These allow Tesla’s Autopilot system to slow the car down when you reach a roundabout, for example, or bring the car to a halt if it senses you’re about to go through a red light. Elsewhere, the Model 3 can now show you more road markings, so you’re more aware of your surroundings, and it provides more options to set a cruise control speed by simply tapping an icon on its giant infotainment screen. You can even allow Tesla to view footage from inside your car in the event of an accident. Its experts can analyse this and put their learnings back into developing new safety technology.
If you want some idea of how these incremental improvements add up, Thatcham Research, which conducts crash testing in the UK on behalf of Euro NCAP, tested the Model S luxury car’s safety assistance features back in 2014 and it failed to surpass those of rivals by some margin. Today, both the Model S and Model 3 are the benchmarks for those same tests. Indeed, the Model 3 scored 94% in the driver assistance category in 2019 – a full 14% more than the next best car.

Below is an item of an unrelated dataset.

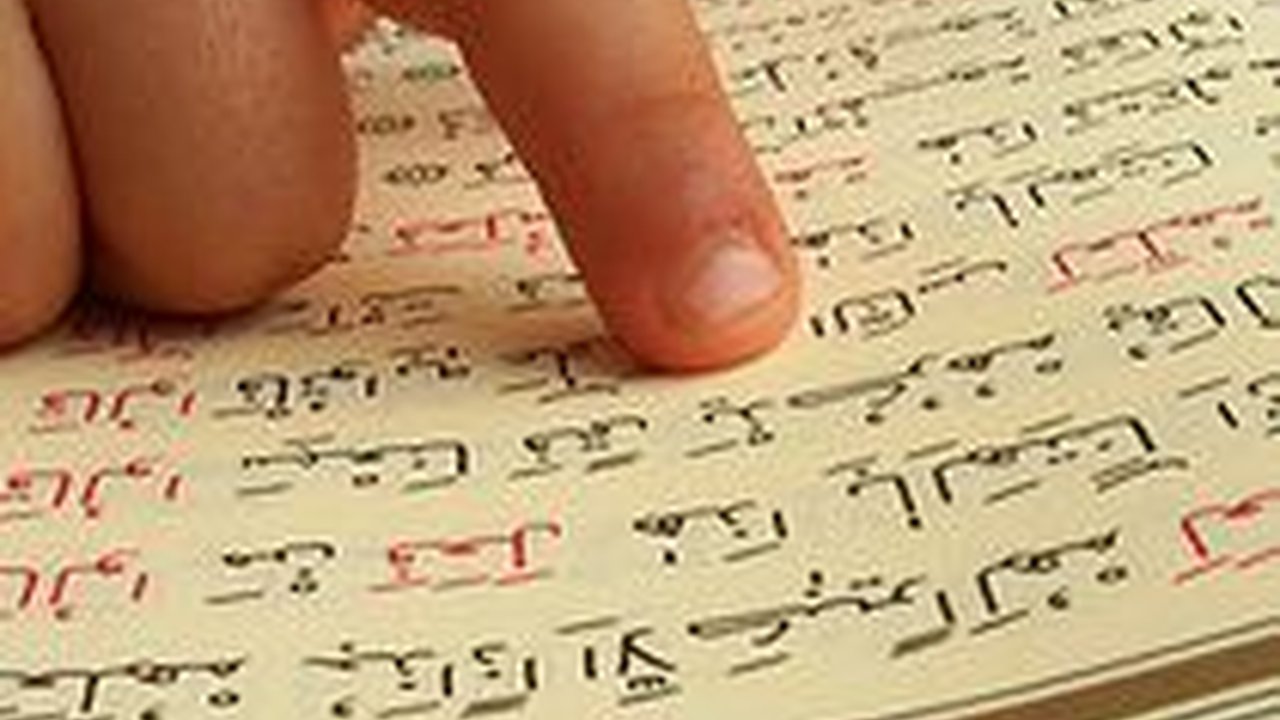 6 Macam Huruf Izhar Beserta Penjelasan & Contoh, Pahami Pula Ciri-Cirinya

2nd place - Polestar 2 Android Automotive OS voice control
Most modern cars come with touchscreen infotainment systems; What Car? tests have shown that these can be more distracting to use than physical controls such as dials.
The solution is natural speech voice control. Many cars include this, but the system offered as part of Android Automotive OS, as seen on the electric Polestar 2, stands out for accuracy. The built-in Google Assistant can do everything from sending a message via your phone to setting the temperature, all without your hands leaving the steering wheel.
3rd place - Volvo Advanced Interior Air Cleaner
Up to 90% of the world’s population is breathing polluted air, according to the World Health Organisation, so technology that protects your car’s occupants from hazardous particles is welcome.
Volvo’s Advanced Interior Air Cleaner is a world first. While rival systems use High Efficiency Particulate Air (HEPA) filters that rely on lots of super-fine fibres, Volvo’s uses an electrically charged filter that can remove up to 95% of the most harmful air particles before they enter your car.